Unfortunately, there is no central direction or even coordination of civilian efforts. Although non-governmental organizations are doing an effective job, responsibilities assigned to different European countries -- such as helping the Afghan government with law enforcement and poppy eradication -- have fallen short of both needs and promises.
Poppy production is soaring, experiments with alternative crops are lagging and there are not enough forces to provide security for farmers willing to try growing something different. So the Taliban are obtaining ample funds from the heroin trade -- easily Afghanistan's largest single source of foreign earnings. Western drug addicts are putting more money into Afghanistan's economy than Western governments.

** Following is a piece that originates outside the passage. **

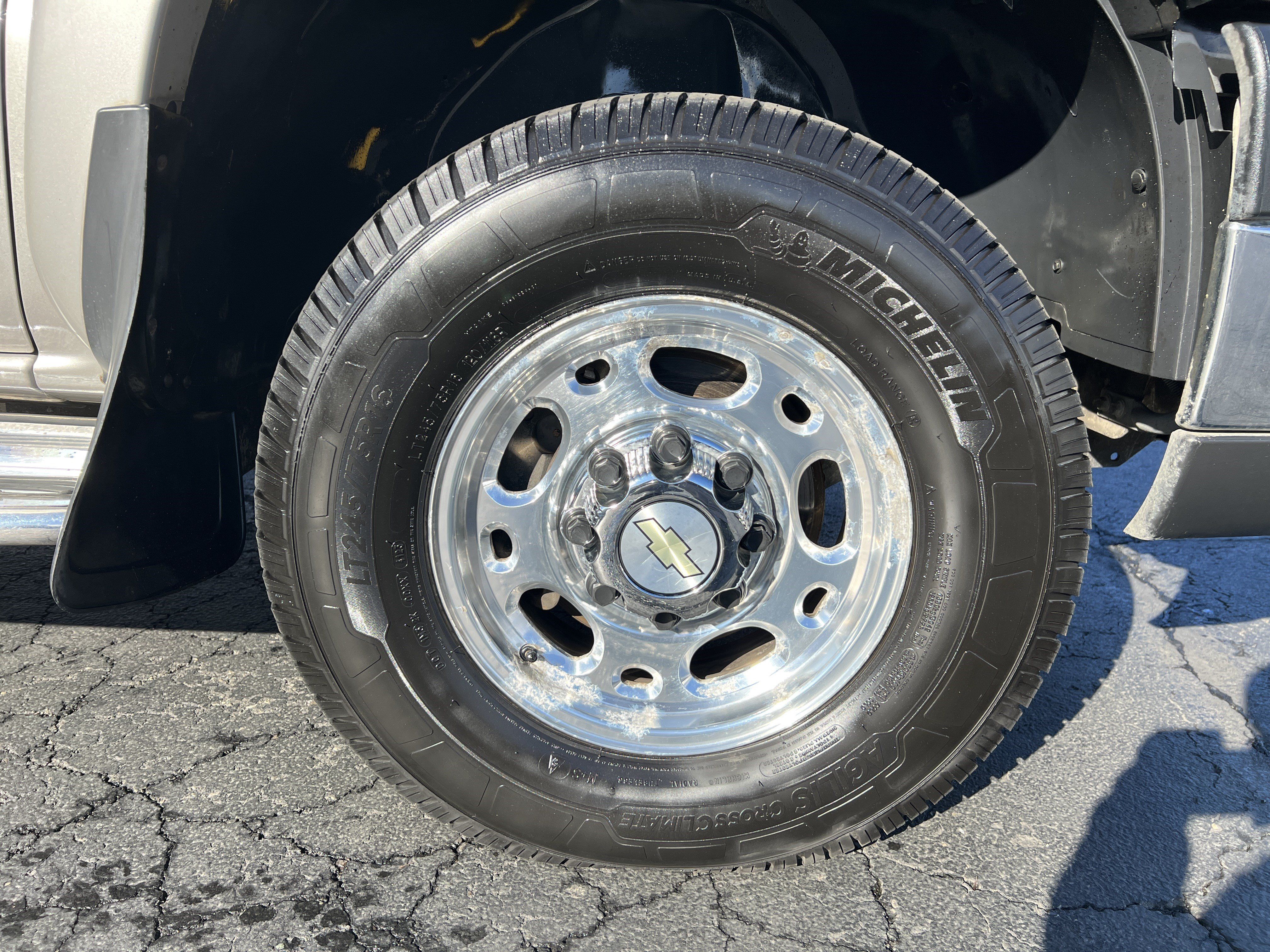 Used 2007 Chevrolet Silverado 2500 LT w/ Heavy-Duty Power Package RWD image 11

The shortfalls of the civilian effort and the unwillingness or inability of the Afghan government to provide good governance are the country's central problems. These factors largely explain the Taliban's violent revival and the uncertainty of many Afghans about whom to support.
NATO has "bet the alliance" on Afghanistan. No amount of "transformation" or "partnerships" or anything else will matter much if NATO fails for the first time in its history -- even if that failure is not of its own making.
Firm commitments at Riga of more allied troops and equipment for the ISAF and fewer national "caveats" must be part of the answer. But allied leaders must also act on the knowledge that NATO does not have the skills, resources, or experience to take full charge of meeting Afghanistan's requirements for external civilian help. That task must belong to the EU, the one institution with the collective means, skills, resources and -- potentially -- the leadership to relieve NATO and ISAF of burdens for which they are not suited.
Yet the EU holds back. Turf battles with NATO intrude, as well as competition between the EU's executive commission and the member-based council. Even though 19 of NATO's 26 members also belong to the EU, leaders and bureaucrats in most of these countries have been unwilling to back the commitment of their troops with the economic resources needed.
At the Riga summit, NATO should challenge the EU to take its proper share of responsibility for success in Afghanistan. This will require the EU to contribute money, manpower and officials on the ground of the rank and stature of ISAF commanders, in an equal partnership with NATO.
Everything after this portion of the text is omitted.